The Irish DPA fines Tusla Child and Family Agency EUR 75,000
In May 2020, the Tusla Child and Family Agency (Tusla) was imposed with an administrative fine of EUR 75,000, which has now been heard and confirmed by an Irish court of law.
The violations consisted of three breaches pertaining to personal data, which occurred because Tusla failed to redact personal data when disclosing documents to different third parties. The first personal data breach occurred when Tusla unintentionally provided the father of two children in foster care with their foster carer’s address. The second breach occurred when Tusla unintentionally provided a person, who was accused of child sexual abuse, with the address of the child, who had filed the complaint, and with the phone number of the child’s mother. The third breach occurred when Tusla unintentionally provided the grandmother of a child in foster care with the address and contact details of the child’s foster parents and the location of the child’s school.
It follows from the decision that Tusla infringed Article 32(1) of the GDPR by failing to implement appropriate organisational measures to ensure a level of security appropriate to the risk presented by its processing of personal data in respect of its sharing of documents with third parties. Furthermore, Tusla infringed Article 33(1) of the GDPR by failing to notify the the Irish data protection agency, DPC, of the third breach without undue delay. On those grounds, the court confirmed the administrative fine of EUR 75,000.
Please see the whole press release here:
Danish Rejsekort is ordered to delete personal data
Rejsekort is a company operating an electronic ticketing system for travelling by bus, train, and metro in Denmark, and in 2015 a person gave her consent for processing of personal data in connection with ordering a personal traveller’s card.
On 19 March 2019, the person withdrew her consent and on the same day Rejsekort confirmed that her customer file with Rejsekort had been closed and her personal data had been deleted. Rejsekort also informed that pursuant to the Danish Bookkeeping Act, the company was obliged to keep financial data for 5 years, and that Rejsekort also saves data on travel activities and documentation of agreement conclusion for 3 years from the expiry of a customer relationship.
The person approached the Danish DPA and filed a complaint about Rejsekort’s failure to delete all data about her.
The DPA has decided in the matter and criticized Rejsekort of the following:
- Rejsekort has processed the complainant’s data contrary to the lawfulness, fairness and transparency principle, as Rejsekort ought not have processed data on the complainant on the basis of a consent.

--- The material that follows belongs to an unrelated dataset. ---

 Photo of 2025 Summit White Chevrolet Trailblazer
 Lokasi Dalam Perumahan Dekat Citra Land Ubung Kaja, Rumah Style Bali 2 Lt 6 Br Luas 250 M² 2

- Rejsekort’s continued processing of data and information about agreement conclusion between Rejsekort and the complainant, cf. Articles 6 and 17 (1) lit. b of the GDPR.
As a result of the above, the DPA has served an enforcement notice on Rejsekort for the deletion of travel data and information about agreement conclusion regarding the complainant, since Rejsekort is not obliged to keep such data according to the Danish Bookkeeping Act.
Read the whole decision her (in Danish):
ICO fines Marriott International Inc GBP 18.4 million for failing to keep personal data secure
The ICO has fined Marriott International Inc GBP 18.4 million for failing to keep millions of customers’ personal data secure. Marriott estimates that 339 million guest records worldwide were affected following a cyber-attack in 2014 on Starwood Hotels and Resorts Worldwide Inc.
In 2014, an attacker installed a code onto a device in the Starwood system giving them the ability to access and edit the contents of this device remotely. This access was exploited in order to install malware, enabling the attacker to have remote access to the system as a privileged user giving the attacker unrestricted access to the relevant device, and other devices on the network.
The attacker installed further tools to gather login credentials for additional users within the Starwood network in order to access the database storing reservation data for Starwood customers.
The attack remained undetected until September 2018, by which time the company had been acquired by Marriott. The personal data involved were names, email addresses, phone numbers, unencrypted passport numbers, arrival/departure information, guests’ VIP status and loyalty program membership number.
The proposed fine was originally reduced by 20% to GBP 22.4 million to take account of the efforts taken by Marriott to stop the breach and reach out to its customers. The fine was further reduced to GBP 18.4 million due to the general economic consequences of the Covid-19 pandemic.